## About this exercise
Within the listing below, give again exactly the lines between the one containing "Taza De Cristal" and the one containing "Klausberg 7707 - Retro", inclusive, pictures left aside.

## Data shown
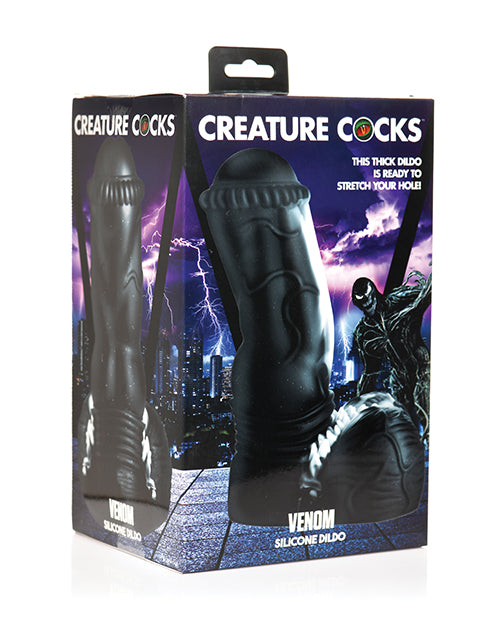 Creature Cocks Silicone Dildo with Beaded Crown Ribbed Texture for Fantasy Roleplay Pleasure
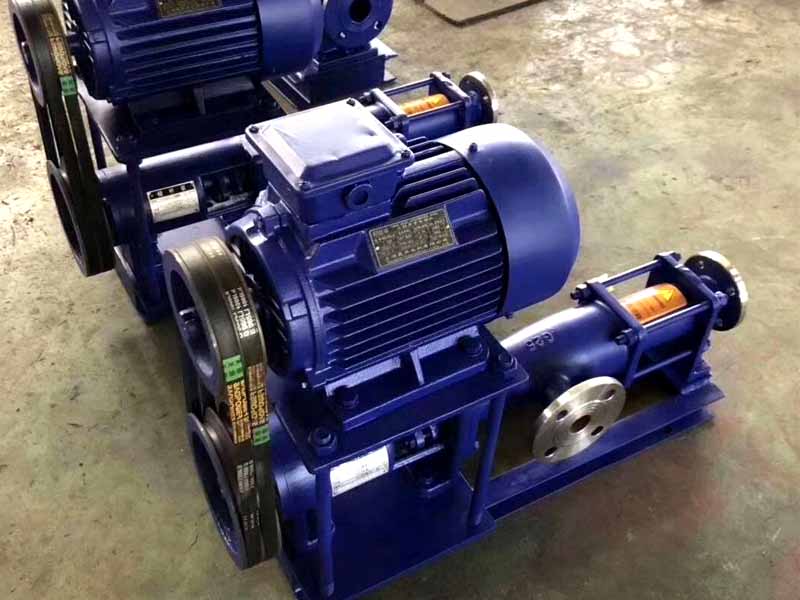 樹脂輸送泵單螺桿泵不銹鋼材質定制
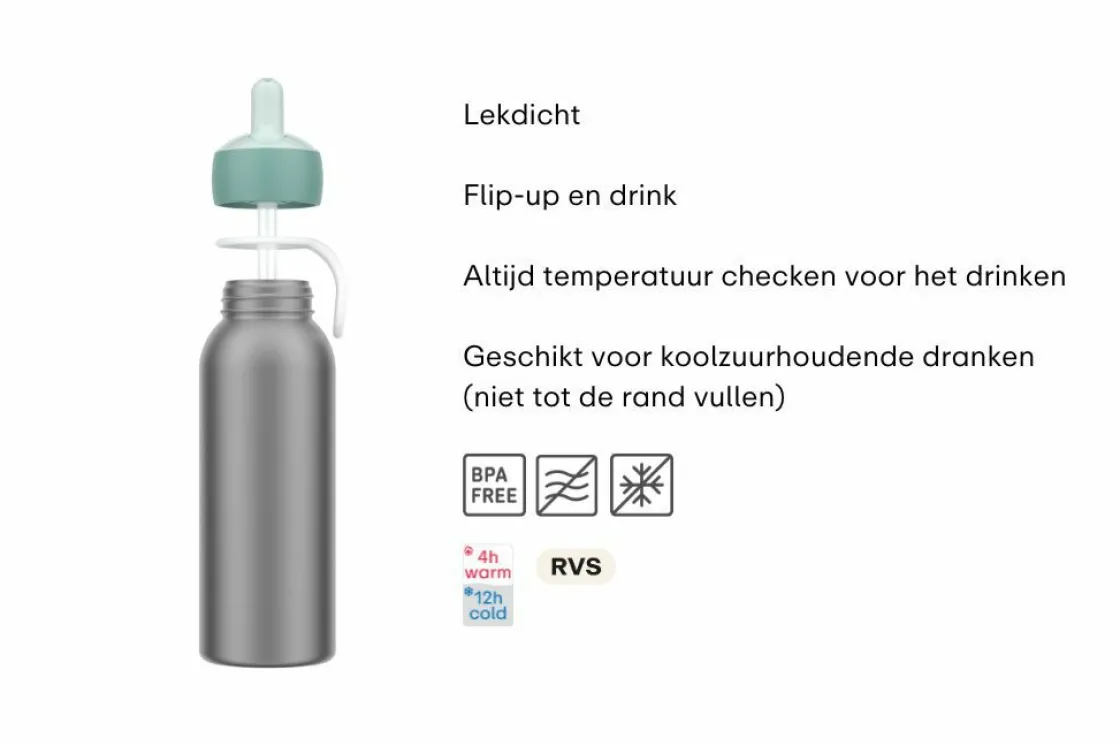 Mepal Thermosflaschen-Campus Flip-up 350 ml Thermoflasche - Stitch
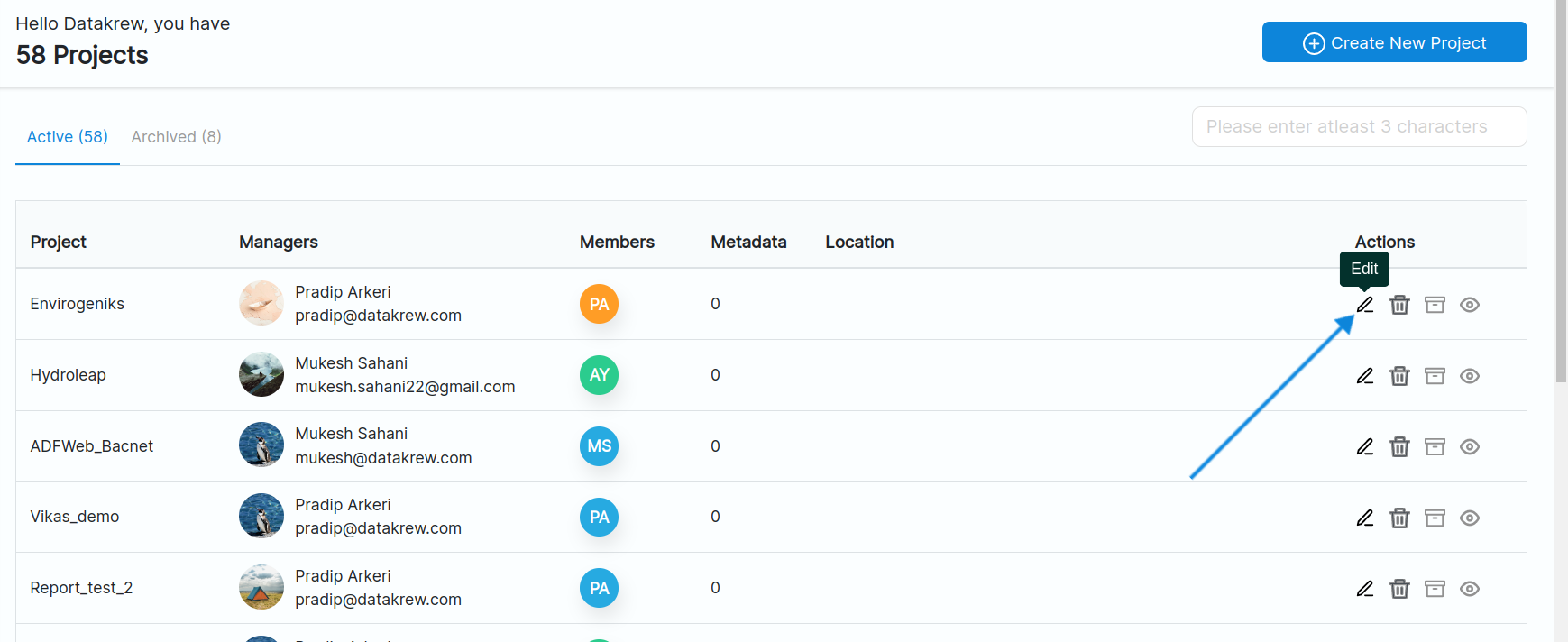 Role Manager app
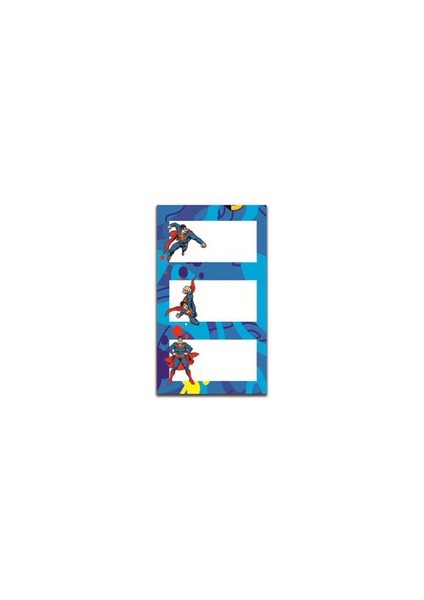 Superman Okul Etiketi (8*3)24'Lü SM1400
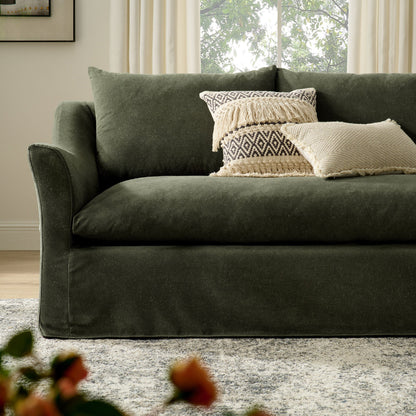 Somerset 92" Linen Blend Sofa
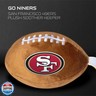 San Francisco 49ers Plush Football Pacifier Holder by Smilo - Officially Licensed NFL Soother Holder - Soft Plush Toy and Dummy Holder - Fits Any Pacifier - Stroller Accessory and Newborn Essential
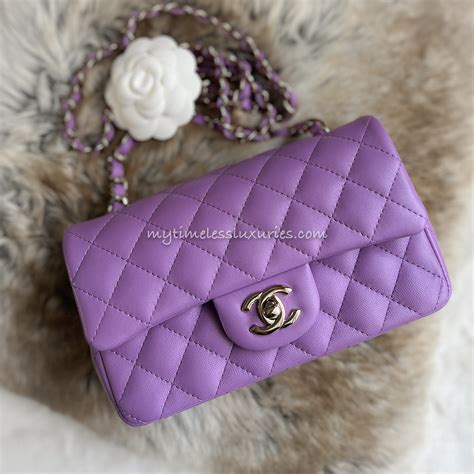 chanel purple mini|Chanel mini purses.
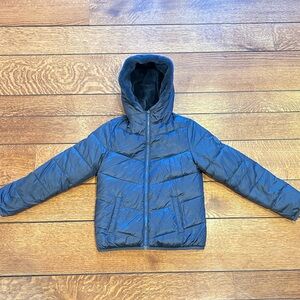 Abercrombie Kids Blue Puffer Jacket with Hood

--

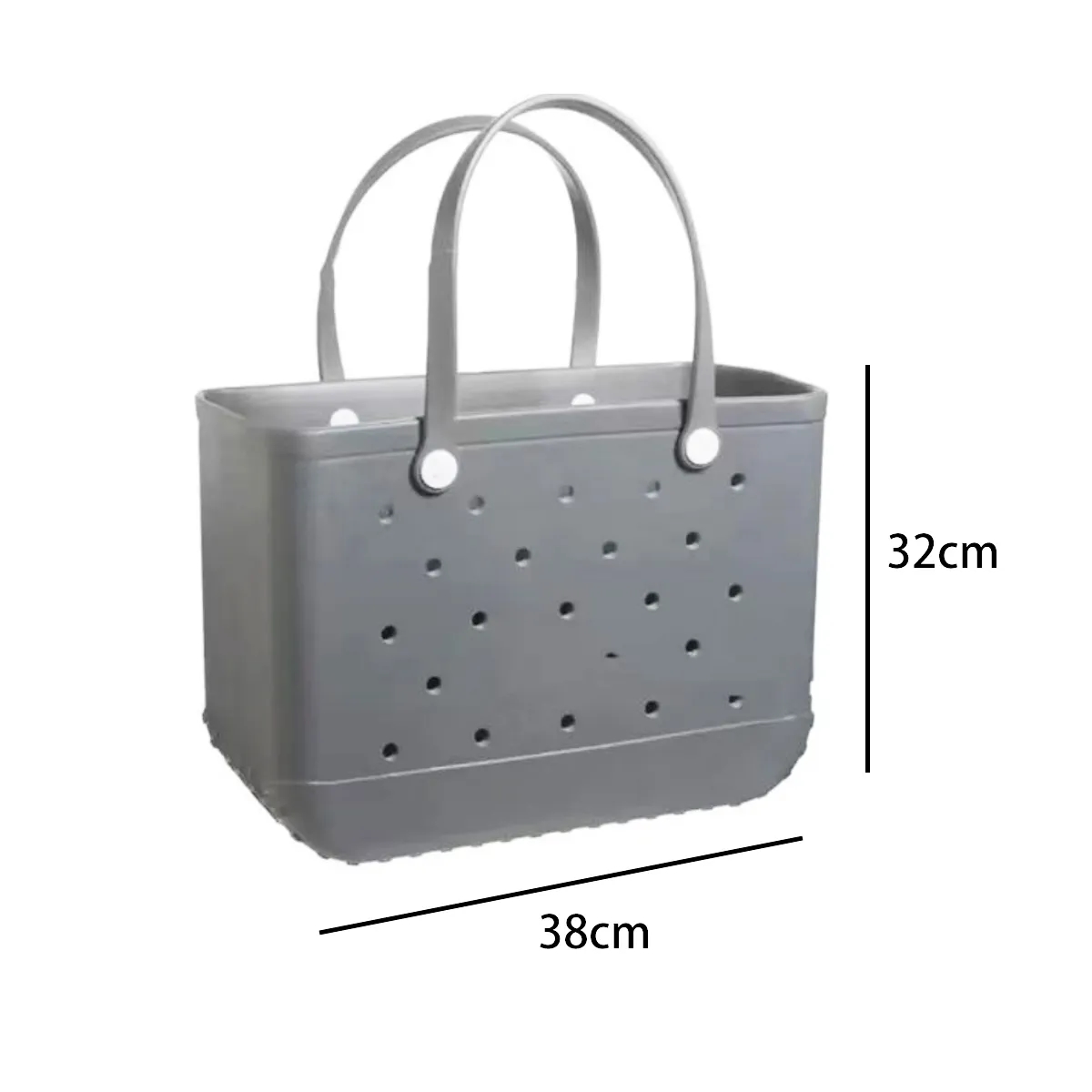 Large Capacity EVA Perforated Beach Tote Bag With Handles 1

--

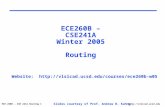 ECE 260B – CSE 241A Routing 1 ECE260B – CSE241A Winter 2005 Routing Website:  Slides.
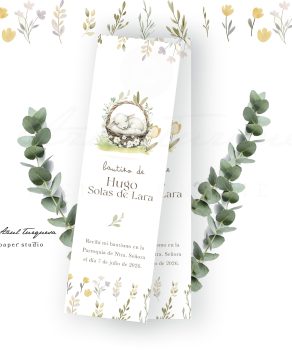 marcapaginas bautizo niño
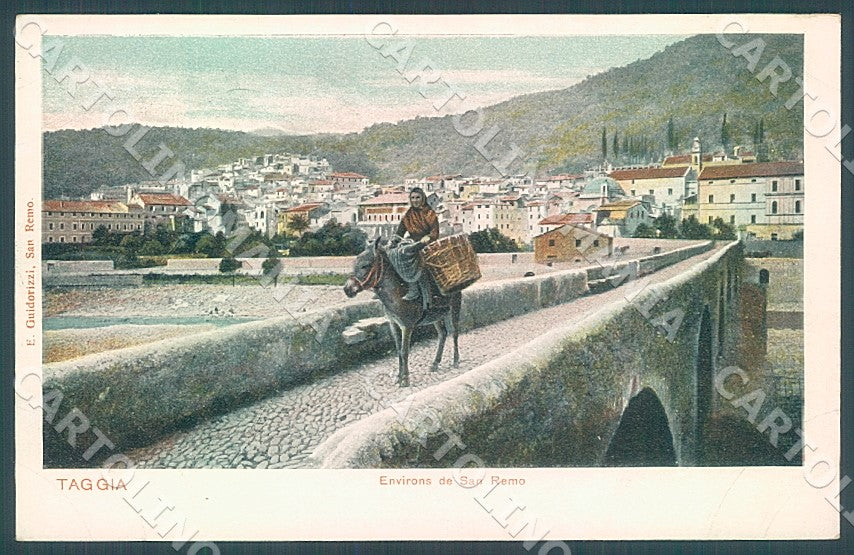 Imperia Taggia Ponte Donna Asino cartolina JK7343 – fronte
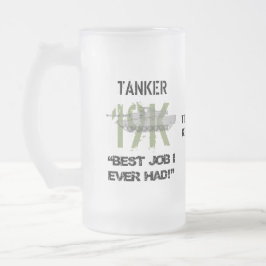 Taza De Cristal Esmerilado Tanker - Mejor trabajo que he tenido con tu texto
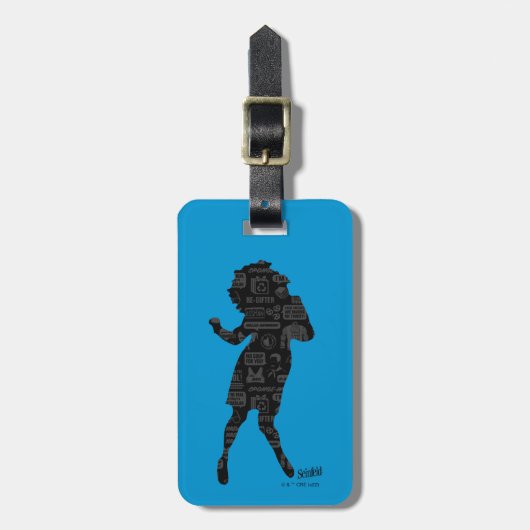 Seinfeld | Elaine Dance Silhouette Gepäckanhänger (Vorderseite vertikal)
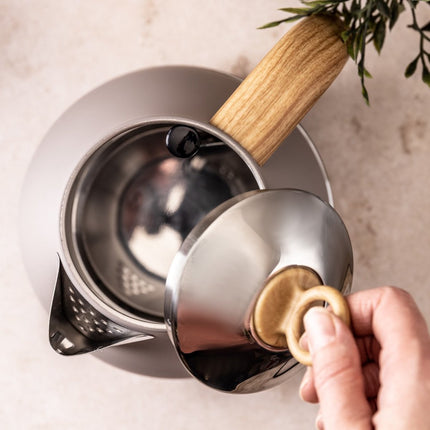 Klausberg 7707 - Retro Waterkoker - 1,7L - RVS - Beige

## Solution to this exercise
 Taza De Cristal Esmerilado Tanker - Mejor trabajo que he tenido con tu texto
 Seinfeld | Elaine Dance Silhouette Gepäckanhänger (Vorderseite vertikal)
 Klausberg 7707 - Retro Waterkoker - 1,7L - RVS - Beige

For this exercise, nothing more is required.